§ What to do: Ignoring the pictures, copy the data exactly.

§ Dataset content:
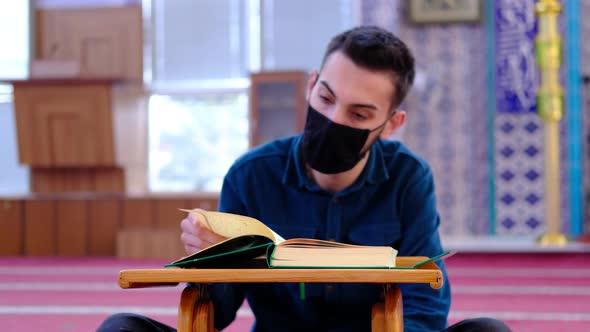 Young Muslim Masked Who Read Quran Mosque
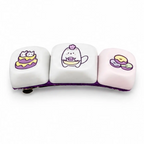 Barrette enfant chat petit pâtissier en packshot, touches blanches et rose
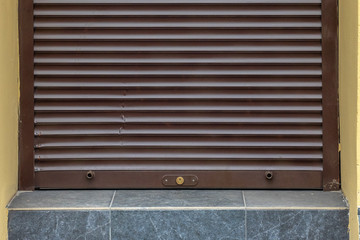Entrance with closed blind. Close up.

§ Exercise answer:
 Young Muslim Masked Who Read Quran Mosque
 Barrette enfant chat petit pâtissier en packshot, touches blanches et rose
Entrance with closed blind. Close up.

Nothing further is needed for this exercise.